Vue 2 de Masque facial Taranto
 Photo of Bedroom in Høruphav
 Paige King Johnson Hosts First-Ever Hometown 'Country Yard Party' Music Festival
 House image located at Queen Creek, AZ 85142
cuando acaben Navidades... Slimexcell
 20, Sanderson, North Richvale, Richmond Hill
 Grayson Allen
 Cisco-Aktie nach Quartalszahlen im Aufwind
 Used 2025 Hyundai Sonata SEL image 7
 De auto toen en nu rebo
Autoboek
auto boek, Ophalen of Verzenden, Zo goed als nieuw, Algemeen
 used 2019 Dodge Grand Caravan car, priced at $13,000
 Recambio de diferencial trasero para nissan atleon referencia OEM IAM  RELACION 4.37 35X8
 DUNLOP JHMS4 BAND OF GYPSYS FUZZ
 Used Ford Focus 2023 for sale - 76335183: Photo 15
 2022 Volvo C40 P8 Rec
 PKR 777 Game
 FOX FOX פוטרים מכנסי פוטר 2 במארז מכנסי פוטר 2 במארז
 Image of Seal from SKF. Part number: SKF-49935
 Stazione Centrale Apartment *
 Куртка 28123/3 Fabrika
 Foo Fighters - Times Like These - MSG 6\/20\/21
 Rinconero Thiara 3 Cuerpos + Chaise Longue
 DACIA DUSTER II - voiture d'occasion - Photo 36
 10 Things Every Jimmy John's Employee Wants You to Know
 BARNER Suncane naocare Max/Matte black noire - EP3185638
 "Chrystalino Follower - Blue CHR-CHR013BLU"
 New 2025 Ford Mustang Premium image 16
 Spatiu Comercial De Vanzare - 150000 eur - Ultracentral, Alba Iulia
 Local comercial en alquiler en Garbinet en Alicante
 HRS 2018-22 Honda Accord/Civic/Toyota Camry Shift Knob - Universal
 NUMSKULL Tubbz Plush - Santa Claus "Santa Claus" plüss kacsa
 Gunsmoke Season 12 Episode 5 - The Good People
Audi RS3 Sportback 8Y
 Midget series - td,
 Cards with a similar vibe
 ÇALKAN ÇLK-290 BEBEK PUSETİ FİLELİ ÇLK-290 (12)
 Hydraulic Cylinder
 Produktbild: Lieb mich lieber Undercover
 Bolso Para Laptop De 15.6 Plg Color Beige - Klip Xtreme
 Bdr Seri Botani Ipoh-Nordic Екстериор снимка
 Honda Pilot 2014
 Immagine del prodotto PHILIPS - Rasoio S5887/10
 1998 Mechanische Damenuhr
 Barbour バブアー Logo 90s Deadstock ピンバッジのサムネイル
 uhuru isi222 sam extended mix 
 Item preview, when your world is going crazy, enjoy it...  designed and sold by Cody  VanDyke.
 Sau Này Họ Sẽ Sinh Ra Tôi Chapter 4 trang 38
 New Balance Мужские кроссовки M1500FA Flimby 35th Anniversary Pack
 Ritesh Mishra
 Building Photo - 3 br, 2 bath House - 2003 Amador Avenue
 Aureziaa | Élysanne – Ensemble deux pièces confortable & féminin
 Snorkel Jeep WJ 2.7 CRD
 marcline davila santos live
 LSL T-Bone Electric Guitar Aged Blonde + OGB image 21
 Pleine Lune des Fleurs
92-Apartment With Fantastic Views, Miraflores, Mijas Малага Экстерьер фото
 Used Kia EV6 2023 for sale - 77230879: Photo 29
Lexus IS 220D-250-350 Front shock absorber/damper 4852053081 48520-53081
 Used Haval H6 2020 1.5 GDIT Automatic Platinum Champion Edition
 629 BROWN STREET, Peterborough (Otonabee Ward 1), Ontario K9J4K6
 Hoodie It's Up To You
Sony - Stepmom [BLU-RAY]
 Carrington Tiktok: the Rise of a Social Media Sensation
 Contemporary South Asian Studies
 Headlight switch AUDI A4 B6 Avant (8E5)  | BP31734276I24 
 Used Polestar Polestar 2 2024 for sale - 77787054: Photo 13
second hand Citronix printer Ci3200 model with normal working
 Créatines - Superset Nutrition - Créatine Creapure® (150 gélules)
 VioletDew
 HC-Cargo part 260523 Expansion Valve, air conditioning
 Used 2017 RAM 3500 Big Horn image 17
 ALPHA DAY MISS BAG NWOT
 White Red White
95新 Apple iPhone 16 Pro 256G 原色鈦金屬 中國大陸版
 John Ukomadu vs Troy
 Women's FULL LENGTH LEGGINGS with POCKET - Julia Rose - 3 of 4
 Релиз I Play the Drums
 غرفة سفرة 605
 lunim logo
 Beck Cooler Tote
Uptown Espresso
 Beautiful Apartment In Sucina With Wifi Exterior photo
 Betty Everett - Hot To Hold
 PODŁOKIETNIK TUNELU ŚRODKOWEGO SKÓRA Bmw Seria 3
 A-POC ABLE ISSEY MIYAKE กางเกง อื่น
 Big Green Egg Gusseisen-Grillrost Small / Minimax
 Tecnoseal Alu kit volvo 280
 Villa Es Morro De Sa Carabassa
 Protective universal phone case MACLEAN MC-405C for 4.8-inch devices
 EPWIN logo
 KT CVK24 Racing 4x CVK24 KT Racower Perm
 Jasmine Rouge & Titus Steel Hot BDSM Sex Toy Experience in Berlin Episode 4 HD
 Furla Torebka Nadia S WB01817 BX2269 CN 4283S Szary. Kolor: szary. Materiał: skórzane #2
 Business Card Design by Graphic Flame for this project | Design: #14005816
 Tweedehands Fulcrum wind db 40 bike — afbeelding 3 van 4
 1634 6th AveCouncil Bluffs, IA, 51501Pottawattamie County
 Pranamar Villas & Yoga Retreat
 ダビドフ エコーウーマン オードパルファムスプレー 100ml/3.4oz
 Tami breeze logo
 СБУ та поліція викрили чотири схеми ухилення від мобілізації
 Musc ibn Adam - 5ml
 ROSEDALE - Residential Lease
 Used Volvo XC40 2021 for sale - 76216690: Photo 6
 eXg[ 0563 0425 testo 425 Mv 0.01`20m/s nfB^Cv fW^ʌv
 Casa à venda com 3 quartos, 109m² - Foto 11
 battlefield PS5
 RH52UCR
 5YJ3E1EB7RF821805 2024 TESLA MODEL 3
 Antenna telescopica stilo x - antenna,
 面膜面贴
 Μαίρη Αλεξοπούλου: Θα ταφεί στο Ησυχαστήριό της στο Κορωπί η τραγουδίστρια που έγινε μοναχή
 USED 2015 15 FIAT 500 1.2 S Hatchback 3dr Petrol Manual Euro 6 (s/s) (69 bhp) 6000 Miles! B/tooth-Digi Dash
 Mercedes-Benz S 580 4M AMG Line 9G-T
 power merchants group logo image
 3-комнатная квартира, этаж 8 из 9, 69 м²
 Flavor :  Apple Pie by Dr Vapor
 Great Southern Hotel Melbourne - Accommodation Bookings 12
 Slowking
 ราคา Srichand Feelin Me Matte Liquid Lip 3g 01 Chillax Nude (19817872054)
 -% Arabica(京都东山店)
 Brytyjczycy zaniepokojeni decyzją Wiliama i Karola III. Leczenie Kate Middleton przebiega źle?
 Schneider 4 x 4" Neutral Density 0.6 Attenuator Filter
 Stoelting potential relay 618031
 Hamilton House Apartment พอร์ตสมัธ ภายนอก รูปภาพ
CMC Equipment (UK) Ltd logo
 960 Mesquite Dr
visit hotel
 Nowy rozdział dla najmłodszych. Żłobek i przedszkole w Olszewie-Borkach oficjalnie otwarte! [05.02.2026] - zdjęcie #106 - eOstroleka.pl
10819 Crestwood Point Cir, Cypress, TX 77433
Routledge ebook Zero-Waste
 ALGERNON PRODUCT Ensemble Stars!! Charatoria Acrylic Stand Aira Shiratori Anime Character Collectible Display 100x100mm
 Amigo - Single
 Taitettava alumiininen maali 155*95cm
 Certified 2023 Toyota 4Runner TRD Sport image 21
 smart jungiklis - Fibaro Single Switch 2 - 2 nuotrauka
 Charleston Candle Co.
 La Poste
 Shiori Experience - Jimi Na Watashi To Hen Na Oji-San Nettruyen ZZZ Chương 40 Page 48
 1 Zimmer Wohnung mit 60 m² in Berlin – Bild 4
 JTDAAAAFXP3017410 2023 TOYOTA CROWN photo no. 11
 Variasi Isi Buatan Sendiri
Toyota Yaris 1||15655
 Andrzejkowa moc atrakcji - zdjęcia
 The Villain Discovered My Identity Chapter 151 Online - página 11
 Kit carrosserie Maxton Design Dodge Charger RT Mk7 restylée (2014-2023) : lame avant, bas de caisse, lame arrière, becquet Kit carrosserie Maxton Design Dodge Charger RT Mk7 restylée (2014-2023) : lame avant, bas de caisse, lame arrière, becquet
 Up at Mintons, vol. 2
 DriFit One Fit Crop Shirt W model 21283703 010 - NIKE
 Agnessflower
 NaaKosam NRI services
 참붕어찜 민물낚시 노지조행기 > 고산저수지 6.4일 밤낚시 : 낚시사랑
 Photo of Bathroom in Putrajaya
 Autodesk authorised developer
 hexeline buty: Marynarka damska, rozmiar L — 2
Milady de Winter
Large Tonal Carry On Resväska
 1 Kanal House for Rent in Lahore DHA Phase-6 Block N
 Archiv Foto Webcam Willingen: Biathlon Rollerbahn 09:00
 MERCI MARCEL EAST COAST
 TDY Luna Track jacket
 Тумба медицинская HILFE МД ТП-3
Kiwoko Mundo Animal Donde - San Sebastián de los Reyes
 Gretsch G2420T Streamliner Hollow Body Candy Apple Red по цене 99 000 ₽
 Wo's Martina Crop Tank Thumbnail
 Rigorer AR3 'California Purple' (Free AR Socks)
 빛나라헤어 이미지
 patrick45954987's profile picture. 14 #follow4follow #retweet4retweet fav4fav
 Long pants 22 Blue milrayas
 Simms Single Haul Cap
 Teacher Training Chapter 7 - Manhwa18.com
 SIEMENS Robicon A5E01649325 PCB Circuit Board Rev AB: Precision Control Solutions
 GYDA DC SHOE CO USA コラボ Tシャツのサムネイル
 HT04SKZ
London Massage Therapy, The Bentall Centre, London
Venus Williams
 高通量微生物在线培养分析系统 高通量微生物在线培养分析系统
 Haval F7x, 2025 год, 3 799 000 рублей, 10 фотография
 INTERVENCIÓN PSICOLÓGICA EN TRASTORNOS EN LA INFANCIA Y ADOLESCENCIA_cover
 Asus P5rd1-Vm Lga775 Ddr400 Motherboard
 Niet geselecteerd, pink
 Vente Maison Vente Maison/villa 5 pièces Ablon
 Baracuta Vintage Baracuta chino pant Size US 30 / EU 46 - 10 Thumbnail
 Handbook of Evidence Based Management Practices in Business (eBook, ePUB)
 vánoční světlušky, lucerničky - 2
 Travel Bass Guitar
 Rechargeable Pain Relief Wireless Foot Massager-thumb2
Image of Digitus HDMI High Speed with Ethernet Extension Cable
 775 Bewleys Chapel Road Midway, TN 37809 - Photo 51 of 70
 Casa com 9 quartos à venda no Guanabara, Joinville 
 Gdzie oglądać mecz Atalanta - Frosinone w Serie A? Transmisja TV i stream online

• _Work instruction_: Please give only the number of lines above that contain the word "Ensemble".

• _Final answer_: 2